Якутский воевода Михайло Лодыженский не должен был особенно распространяться о привозе моржовой кости морем с Анадыря, потому что был замешан в одном темном деле. Мы должны быть благодарны разбитному ярославцу Никите Агапитову (Малахову), у которого пропился Ветошка.
Скажем несколько слов об Агапитове. 17 марта 1650 года он испортил праздник великому грабителю воеводе Францбекову. На воевод у Никиты Агапитова (Малахова) зуб был давно, с тех пор, как его ни за что ни про что изувечил Головин. Францбекову же Агапитов насолил таким образом. Он распустил слух, что к нему явился Алексей – человек божий и запретил пускать Дмитрия Францбекова в церковь, пока воевода не перестанет воровать. Из-за этого на алексеев день, в храмовой праздник, и началась свалка в церкви, откуда богомольного Францбекова прихожане стали гнать в три шеи.
Францбеков взял Никиту Агапитова под стражу. Но тот не унывал и, ненавидя воевод, старался каждому из них чем-нибудь да насолить.
Никита-ярославец стал разоблачать и Лодыженского, про которого успел много разузнать. По сведениям, которые кропотливо собирал и записывал Никита, новый воевода, как паук, высасывал соки из торговых и промышленных людей. Он всячески опутывал их и вымогал кабальные записи всеми способами, в том числе очень необычными. Михайло Лодыженский, например, устраивал у себя роскошные пиры и сзывал на них весь Якутск. Гости сначала охотно шли, но потом взвыли от волчьего гостеприимства воеводы. Он рассуждал: гостей он принимал, тратился на них, убытки надо возместить, – и тут же, за столом, брал с гостей кабальные грамоты. Особенно он любил гостей с густыми и длинными бородами. Напоив до потери сознания этих почтенных людей, воевода заставлял их выдирать друг другу бороды или рубиться между собой деревянными мечами. Подьячий Аврамов так однажды раскроил череп таможенному Корюкову. Другой служилый, когда его таскали за бороду, ударился затылком об пол и тут же умер. Воевода узнал, что после погибшего осталась соболья шуба, и забрал ее себе. Так повествовал Никита Агапитов о подвигах воеводы, поглаживая свою бороду, уцелевшую лишь благодаря простой случайности или особой осмотрительности ее владельца.
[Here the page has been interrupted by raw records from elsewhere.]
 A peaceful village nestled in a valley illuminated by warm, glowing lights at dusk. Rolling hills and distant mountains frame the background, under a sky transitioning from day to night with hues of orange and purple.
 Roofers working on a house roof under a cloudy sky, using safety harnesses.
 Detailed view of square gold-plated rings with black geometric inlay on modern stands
В описании злодеяний воеводы нам вдруг попадается знакомое имя Василия Бугра. Агапитов дознался, что Лодыженский пытался присвоить себе первую моржовую кость с Анадыря. Когда Бугор шел морем в Якутск, он повстречался с упомянутым выше Прокофием Аминевым. У того на руках были полномочия воеводы вести сделки по кабальным записям Лодыженского. Аминев «за кабалу» и приобрел у Василия Бугра сорок пудов моржовых клыков. Воевода приказал Аминеву ложно записать кость на свое, воеводское, имя в таможне, что приказчик и сделал. Потом этот обман открылся.
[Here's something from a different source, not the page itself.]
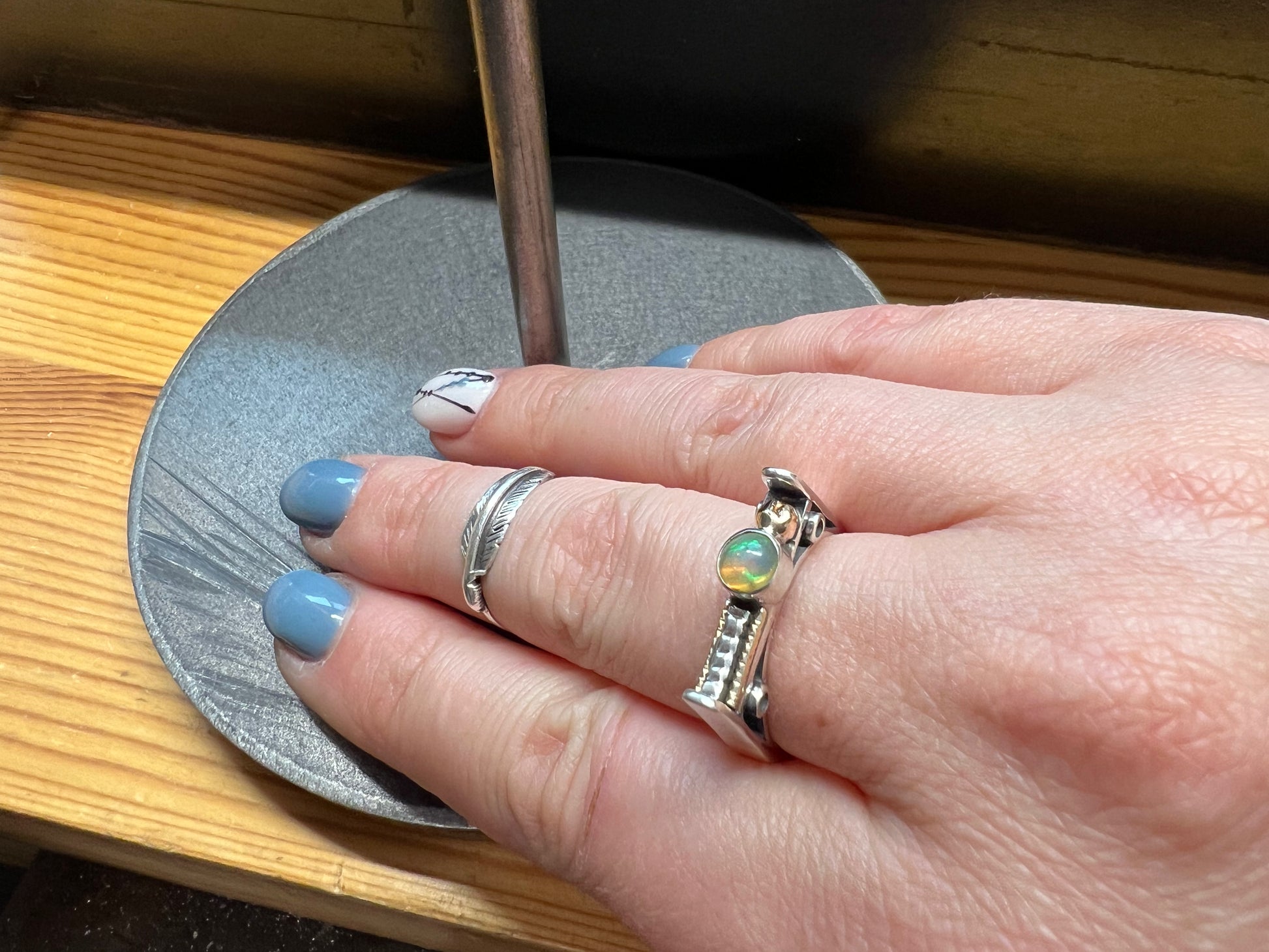 Sterling Silver Bar Ring with Opal and Yellow Gold Accents – size reference showing sterling silver bar ring with opal and yellow gold accents next to ruler, black background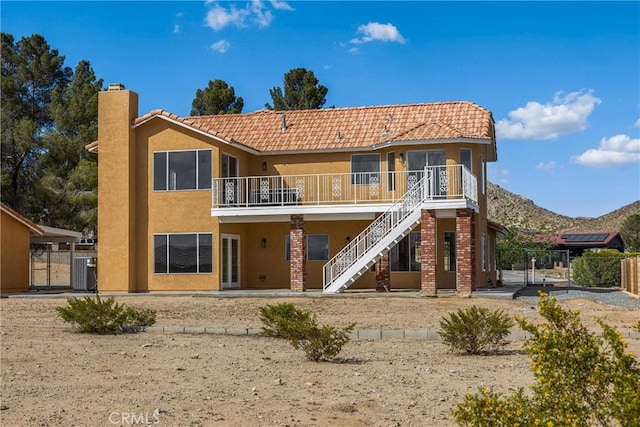 17725 Tude Ln, Apple Valley, CA 92307 - back of property featuring stucco siding, a gate, a chimney, stairway, and a tiled roof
Из простого описания злоупотреблений Лодыженского, составленного ярославцем Агапитовым, мы узнаем, что Василий Бугор и Ветошка привезли моржовую кость с Анадыря на Лену морем. Но и этого мало!
До нас дошли две «отписки» якутского воеводы Лодыженского 1658-1659 годов. Обе «отписки» посвящены именно добыче моржовой кости на Анадыре и ее доставке в Якутск. Воевода пишет, что он приказал жиганским служилым Андрею Булыгину и Лариону Ламе «на встрече» торговых и промышленных людей взвесить и записать весь «рыбий зуб». Все это Булыгин исполнил и донес, что Василий Бугор, Анисим Костромин, Никита Семенов и другие дежневцы «объявили» в Жиганске о привозе моржовой кости. Это происходило именно «в Жиганах», ибо в «отписках» упомянуто, что Василий Бугор сделал там вклад в новую часовню моржовыми клыками. Анадырская кость была доставлена морем, прошла через таможенную заставу в Жиганах. В этом можно легко убедиться, прочитав «отписки» Лодыженского. Они напечатаны в 1935 году в сборнике «Колониальная политика Московского государства».